La deuxième fois, nous étions à l'église, près de l'entrée, et j'étais debout entre les deux rangs. Il a parlé à voix haute du mariage, ce à quoi j'ai répondu que cela ne m'intéressait pas. Je crois que je lui ai aussi dit que je ne voulais pas d'enfants car je ne voulais pas en avoir sans sécurité financière (sans stabilité, en somme) ; il a répondu que Dieu y pourvoirait.
Je lui ai dit que je ne voulais pas d'enfants pour le moment.
Il s'est exclamé que j'étais égoïste de ne pas vouloir d'enfants.
Alors, pour qu'il me laisse tranquille, je lui ai dit que j'étais amoureuse de quelqu'un d'autre. Ça ne l'a pas empêché de revenir vers moi plus tard.
La troisième fois, alors qu'il abordait le sujet (mon souvenir du moment précis est un peu flou, mais je me souviens des mots et du fait que nous étions encore à l'église),
Je lui ai dit très clairement : « Je ne veux pas en parler !!! » Ce à quoi il a répondu : « SI !!! Nous allons en parler !!! »
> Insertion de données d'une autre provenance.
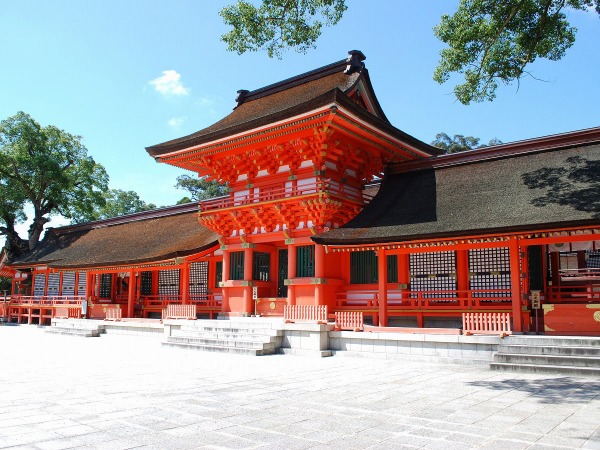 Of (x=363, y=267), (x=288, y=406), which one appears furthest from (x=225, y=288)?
(x=288, y=406)

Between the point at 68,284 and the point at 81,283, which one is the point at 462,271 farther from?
the point at 68,284

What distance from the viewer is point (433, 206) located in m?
15.7

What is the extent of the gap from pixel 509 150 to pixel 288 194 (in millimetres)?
7533

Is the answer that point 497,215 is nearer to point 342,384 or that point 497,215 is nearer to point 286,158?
point 342,384

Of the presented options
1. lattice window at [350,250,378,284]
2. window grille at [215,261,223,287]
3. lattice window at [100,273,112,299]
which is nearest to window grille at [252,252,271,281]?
window grille at [215,261,223,287]

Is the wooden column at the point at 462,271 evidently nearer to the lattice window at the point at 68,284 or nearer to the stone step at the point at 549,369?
the stone step at the point at 549,369

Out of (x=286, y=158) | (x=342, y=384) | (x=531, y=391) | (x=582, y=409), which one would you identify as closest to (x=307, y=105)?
(x=286, y=158)

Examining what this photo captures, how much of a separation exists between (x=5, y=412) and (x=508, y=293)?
13072 mm

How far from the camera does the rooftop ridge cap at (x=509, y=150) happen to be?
15391 millimetres

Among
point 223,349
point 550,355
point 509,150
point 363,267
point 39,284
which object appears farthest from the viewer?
point 39,284

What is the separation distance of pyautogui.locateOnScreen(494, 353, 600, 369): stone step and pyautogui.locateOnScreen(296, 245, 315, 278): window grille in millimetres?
7539

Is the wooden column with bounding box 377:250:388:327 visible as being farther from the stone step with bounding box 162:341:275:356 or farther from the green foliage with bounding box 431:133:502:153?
the green foliage with bounding box 431:133:502:153

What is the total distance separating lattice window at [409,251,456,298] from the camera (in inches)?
656

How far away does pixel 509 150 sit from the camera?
648 inches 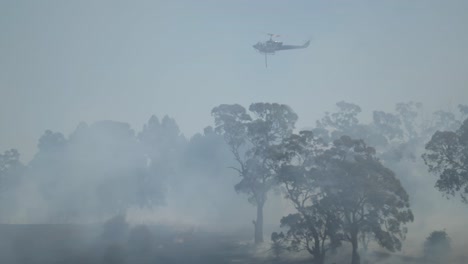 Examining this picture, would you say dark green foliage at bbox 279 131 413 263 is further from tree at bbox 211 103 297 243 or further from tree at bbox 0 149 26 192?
tree at bbox 0 149 26 192

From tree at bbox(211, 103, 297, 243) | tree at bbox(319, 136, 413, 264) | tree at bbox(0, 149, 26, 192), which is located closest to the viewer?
tree at bbox(319, 136, 413, 264)

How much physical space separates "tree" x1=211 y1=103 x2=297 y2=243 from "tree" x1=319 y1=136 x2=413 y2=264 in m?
12.2

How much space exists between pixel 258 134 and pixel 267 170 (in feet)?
16.0

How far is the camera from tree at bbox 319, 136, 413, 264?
33562mm

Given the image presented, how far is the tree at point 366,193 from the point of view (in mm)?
33562

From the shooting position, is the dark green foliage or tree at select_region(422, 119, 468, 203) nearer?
the dark green foliage

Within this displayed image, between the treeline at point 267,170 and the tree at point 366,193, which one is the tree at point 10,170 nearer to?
the treeline at point 267,170

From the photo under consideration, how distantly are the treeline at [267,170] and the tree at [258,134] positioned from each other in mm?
151

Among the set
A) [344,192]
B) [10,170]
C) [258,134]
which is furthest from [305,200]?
[10,170]

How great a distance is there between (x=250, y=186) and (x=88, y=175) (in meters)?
38.9

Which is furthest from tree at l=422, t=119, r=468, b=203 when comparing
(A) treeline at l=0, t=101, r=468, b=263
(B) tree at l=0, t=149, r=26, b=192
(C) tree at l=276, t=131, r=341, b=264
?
(B) tree at l=0, t=149, r=26, b=192

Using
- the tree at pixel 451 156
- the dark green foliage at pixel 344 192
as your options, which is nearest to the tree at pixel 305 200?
the dark green foliage at pixel 344 192

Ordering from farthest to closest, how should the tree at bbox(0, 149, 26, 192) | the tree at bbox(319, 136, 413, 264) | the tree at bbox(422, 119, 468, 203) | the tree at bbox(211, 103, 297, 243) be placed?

La quatrième fois, nous étions encore à l'église, suite au décès d'un enfant de douze ans (emporté par un cancer). Sa mort m'avait profondément bouleversée. Nous nous apprêtions à nous rendre à la veillée funèbre (nous étions donc face à face, à une certaine distance l'un de l'autre) lorsque Paul entra dans la pièce du fond de l'église. Il était venu prendre un petit matelas plat qui se trouvait entre le pasteur et moi, et alors qu'il se baissait pour le plier, le pasteur déclara à haute voix devant lui : « Le Seigneur t'a donné un mari, mais tu manques de discernement. » Ces mots me choquèrent et me mirent très mal à l'aise. Sur le parking, je confiai à voix basse à la femme du pasteur que je n'étais pas intéressée, et elle me dit alors que Paul était passé à autre chose et qu'il avait jeté son dévolu sur une autre très jolie femme. Pourtant, plus d'un an après ces premiers événements (y compris le rêve), je compris que Paul nourrissait encore cet espoir à mon égard.
Juste après cette conversation, nous sommes montés en voiture pour nous rendre à la veillée funèbre de l'enfant, en direction de l'immeuble où il vivait avec ses parents. Dans l'ascenseur, je me suis retrouvée avec le pasteur et l'homme en question. Le pasteur a fait des allusions au mariage, même dans l'ascenseur, alors que nous étions à quelques minutes seulement de l'appartement pour la veillée.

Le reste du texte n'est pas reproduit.